For these theologians, by contrast with Las Casas, it seems that the narrower frame within which pagans are judged morally is simply that of universal ethics. The wider Christian frame is not, then, an ethical one. For, if it were, then it would follow that the frame it contained was ethically deficient, through being partial, inadequate by the standards of a more universal ethics. But the frame which is contained is clearly presented as complete. The evaluation of the whole into which it fits is not ethical evaluation. Rather, it is evaluative in a more brute, and indeed brutal, fashion: there are certain things people must do in order to avoid the end they want to avoid, eternal suffering, and reach the end they desire, eternal happiness. They are right to do the things which lead to eternal happiness, but the rightness is not moral rightness: it is at once practical and metaphysical.

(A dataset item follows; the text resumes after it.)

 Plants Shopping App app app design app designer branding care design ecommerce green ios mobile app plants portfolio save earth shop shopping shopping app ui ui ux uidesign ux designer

It would be wrong, however, to take Aquinas, Henry, Scotus, and such theologians as presenting a fully blown relativism of exclusion, even though their discussion of pagan virtues, taken in isolation, might suggest so. Although the Christian frame is not an ethical one, these writers, along with most medieval thinkers, held that it was accessible from the frame of universal ethics. They did so because they rejected the idea that God would allow the damnation of a pagan who acted as well ethically as he or she could. Christian doctrine ruled out the idea that they could be saved simply on account of their natural virtue, but it allowed, for pagans before Christ, that they could go to heaven because of an “implicit” faith, and for those after Christ, that they should receive special teaching about the basic truths of Christianity, through internal inspiration or through a messenger.20 Although it was also thought that most pagans nevertheless remained outside Christianity, these possibilities meant the ethical frame, though distinct from the Christian one, was not isolated from it (in the way that Boethius of Dacia deliberately isolates the Aristotelian frame). The distinctness is enough to generate just a weak relativism, which allows the theologians temporarily to bracket Christian values and consider pagans as genuinely, and sometimes highly, virtuous.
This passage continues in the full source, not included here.